Image-caption web data:

━━━━━━━━━━

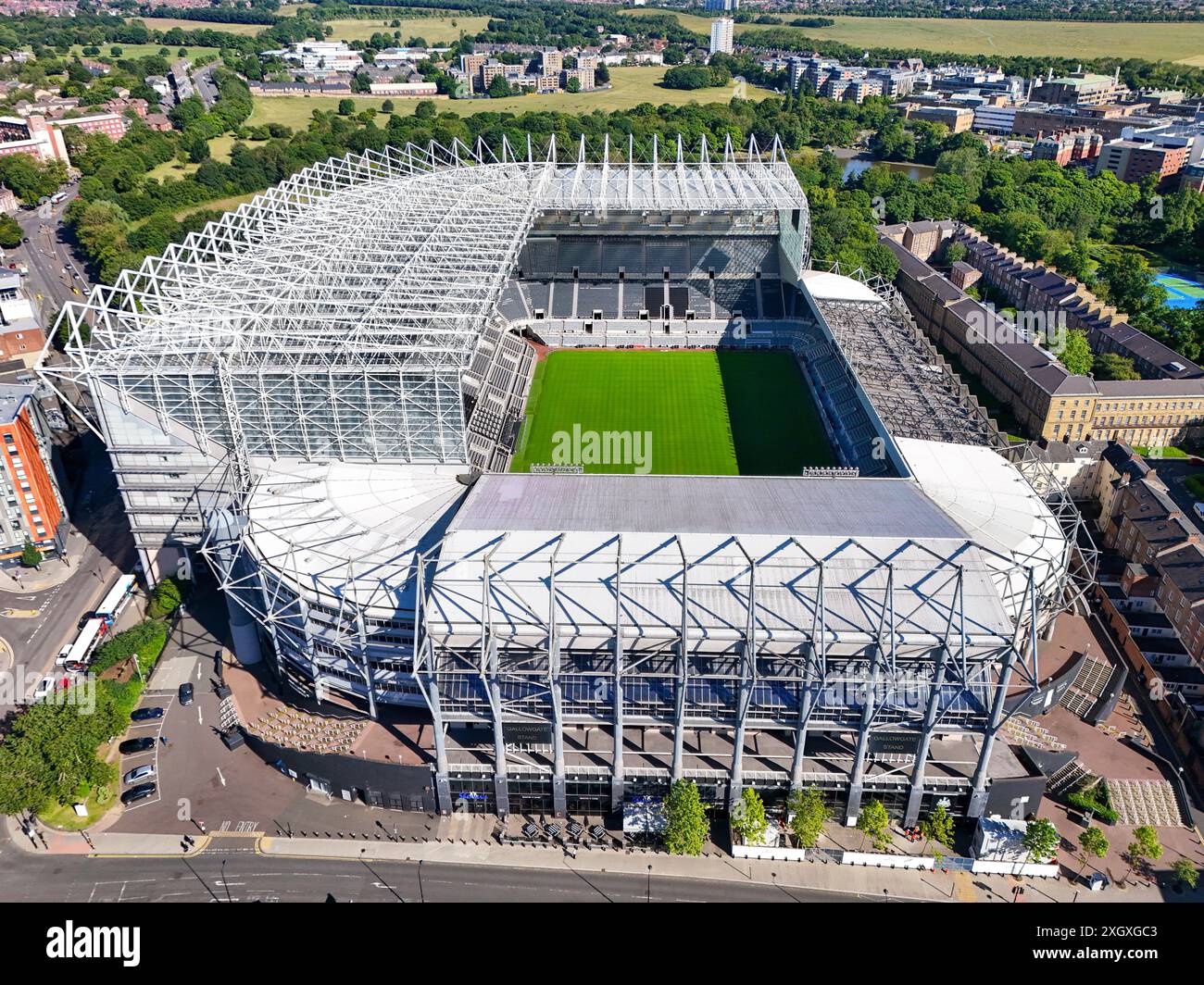Lovely Summers Morning Luftbild vom St James's Park Stadium, dem Heimstadion des Newcastle United Football Club. Juli 2024. Stockfoto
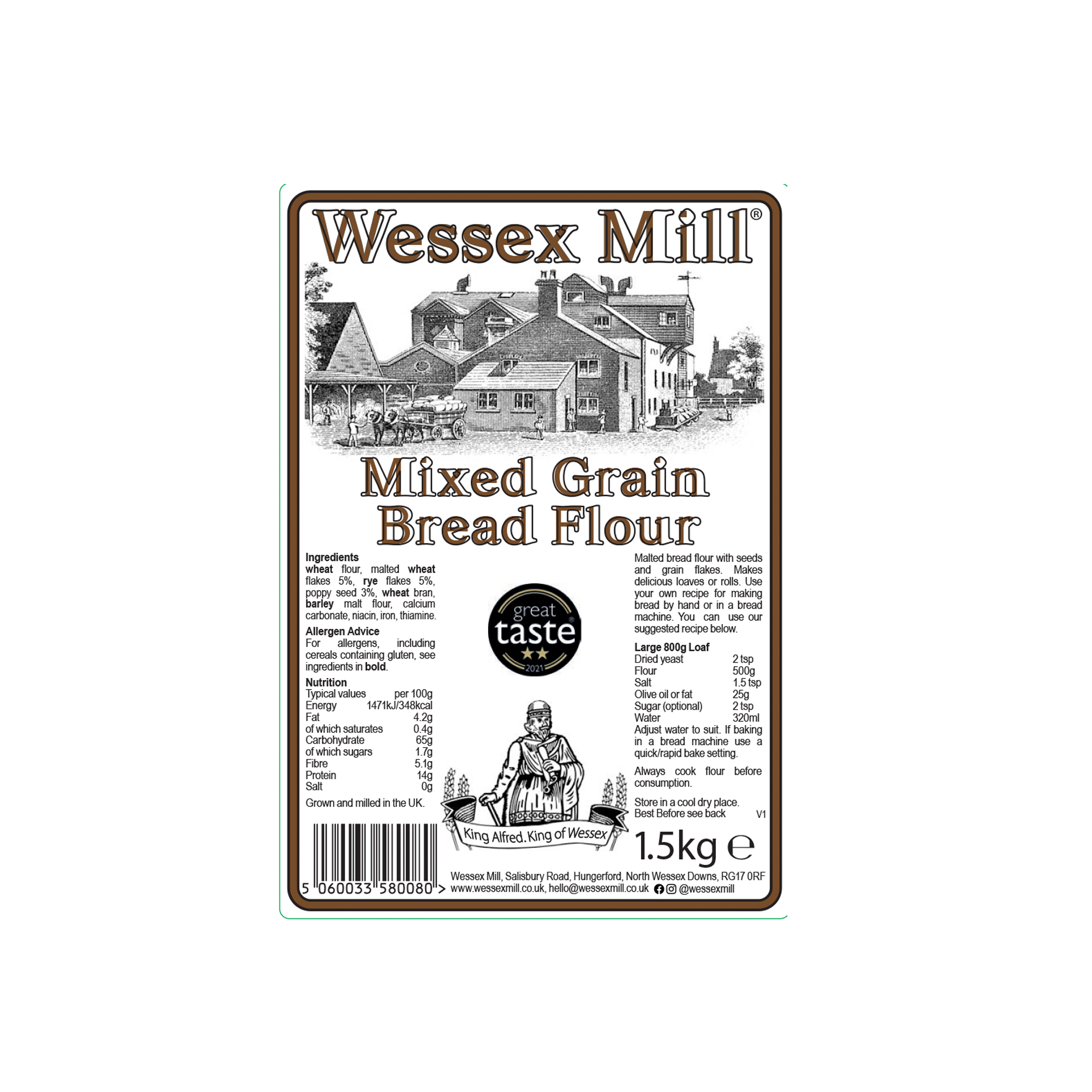 MIXED GRAIN FLOUR 5X1.5KG MIXED GRAIN FLOUR 5X1.5KG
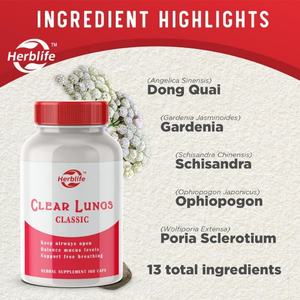 Suplemento Diario Natural ClearLungs Classic para la Salud Pulmonar y Nasal, para el Bienestar de las Vías Respiratorias, los Senos Nasales y el Moco - Product Image 3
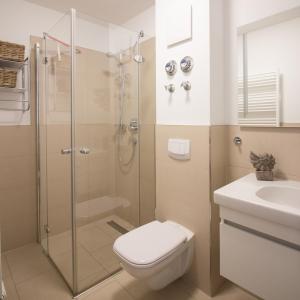 a bathroom with a shower and a toilet and a sink at Whg 03 - Keekwind in Zingst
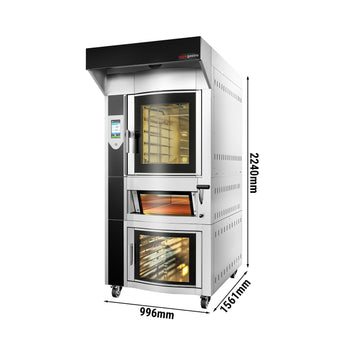 Piec obrotowy elektryczny - dotykowy - 6x EN 600x400 & piec do pizzy - z okapem & komorą rozrostu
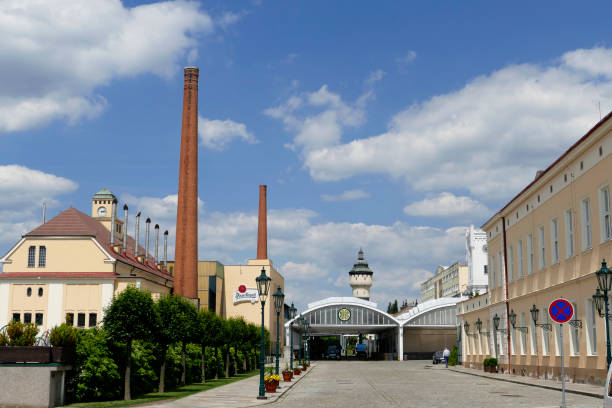 Prague, Czech Republic Pilsen, Czech Republic - june 01, 2017 -  Facade of Pilsner Urquell Brewery from 1839, Pilsen town is known as the birthplace of the Pilsener beer style pilsen stock pictures, royalty-free photos & images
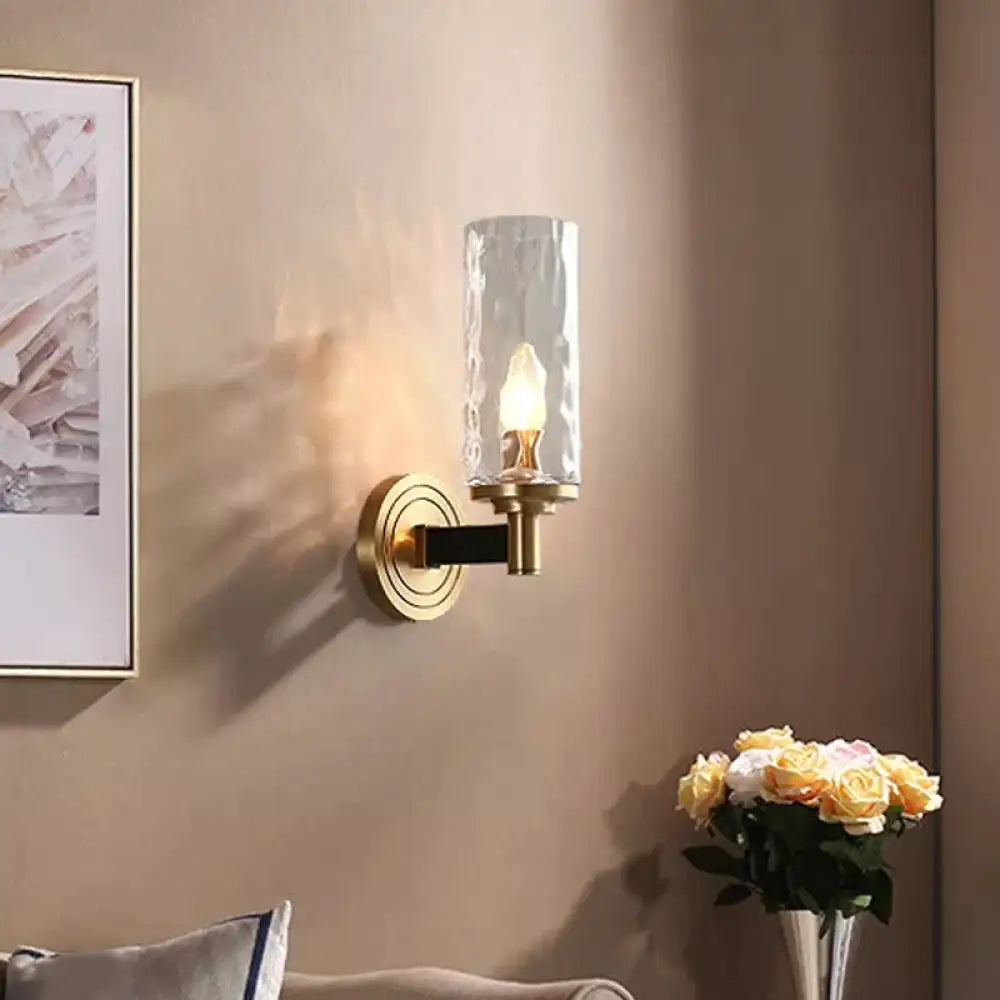 DecorBites™ Postmodern Water Glass/Cut Crystal 1-Bulb Gold Wall Sconce Lamp - Cylinder/Ball Shape for Living Room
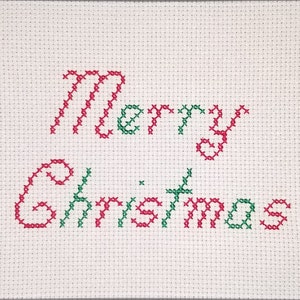 Merry Christmas PDF Cross-stitch Pattern, Instant Digital Download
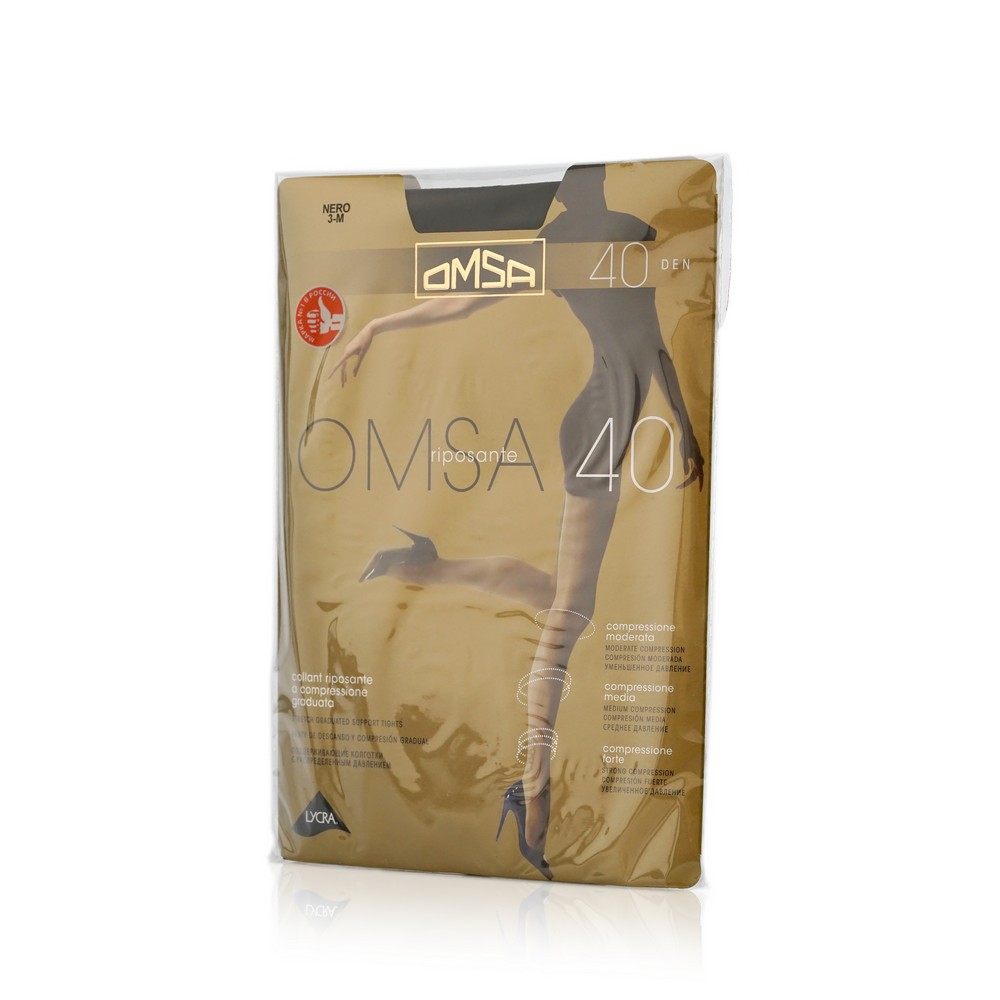 

Женские колготки Omsa Riposante 40den Nero 3 размер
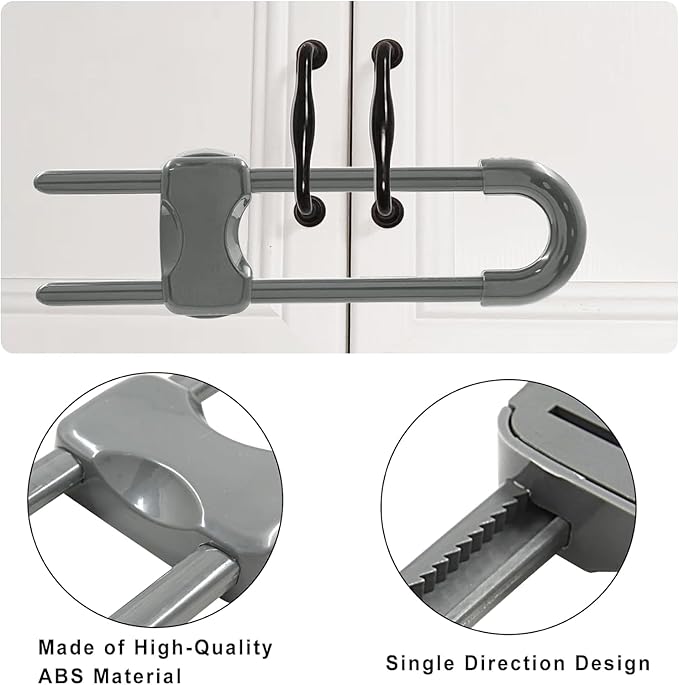 Sliding Cabinet Locks for Babies, Baby Proofing Adjustable U-Shaped Baby Safety Latches for Handles Knobs Drawers, Fridge, Closet, Cupboard, Closet with Secure Lock Buttons,2Pack (Gray)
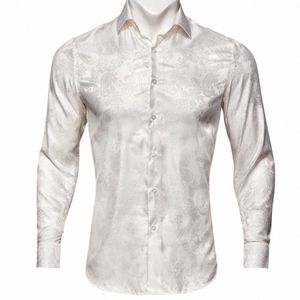 Barry.Wang luksusowe białe paisley jedwabne koszule Mężczyźni LG Sleeve Casual Fr Shirts For Men Designer Fit Shirt By-0075 S99H#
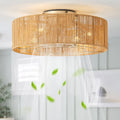 20" Rattan Ceiling Fan with Lights T456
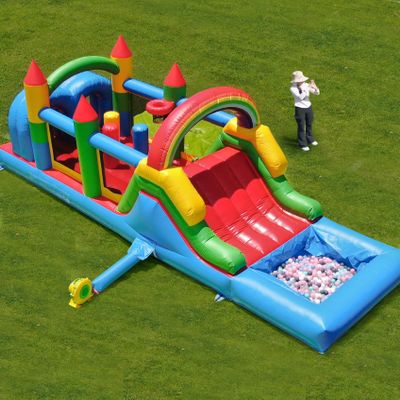 25FT Commercial Grade Bounce House Obstacle Course for Kids, PVC Inflatable Obstacle Course Bounce House with Water Slide, 2 Tunnel, Climbing, Inflatable Bouncer with Blower, 25x8x8.2FT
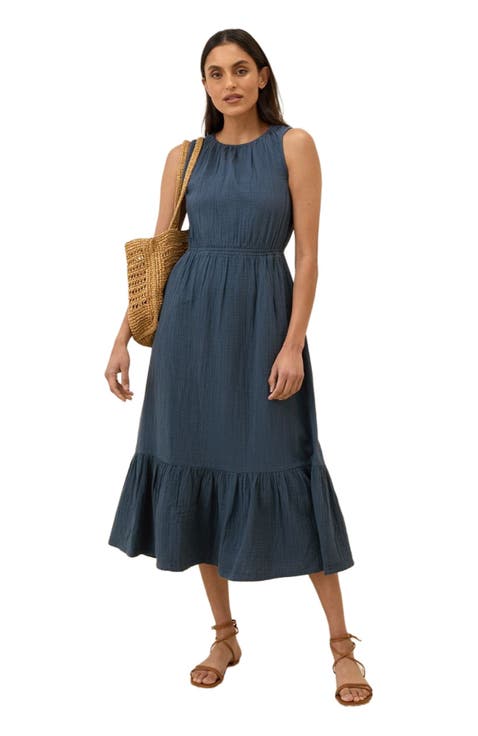 Organic Cotton Coastal Double Gauze Tiered Midi Dress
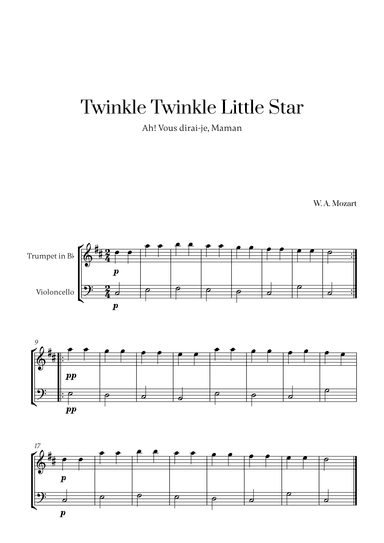 W. A. Mozart - Twinkle Twinkle Little Star for Trumpet in Bb and Cello (arr. Cadenza Editions)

━━━━━━━━━━

__THE TASK__: Please copy exactly, and only, the lines from the one that contains "with Lights T456" through the last line of the data above, omitting all pictures.

__EXERCISE RESULT__:
 20" Rattan Ceiling Fan with Lights T456
 25FT Commercial Grade Bounce House Obstacle Course for Kids, PVC Inflatable Obstacle Course Bounce House with Water Slide, 2 Tunnel, Climbing, Inflatable Bouncer with Blower, 25x8x8.2FT
 Organic Cotton Coastal Double Gauze Tiered Midi Dress
 W. A. Mozart - Twinkle Twinkle Little Star for Trumpet in Bb and Cello (arr. Cadenza Editions)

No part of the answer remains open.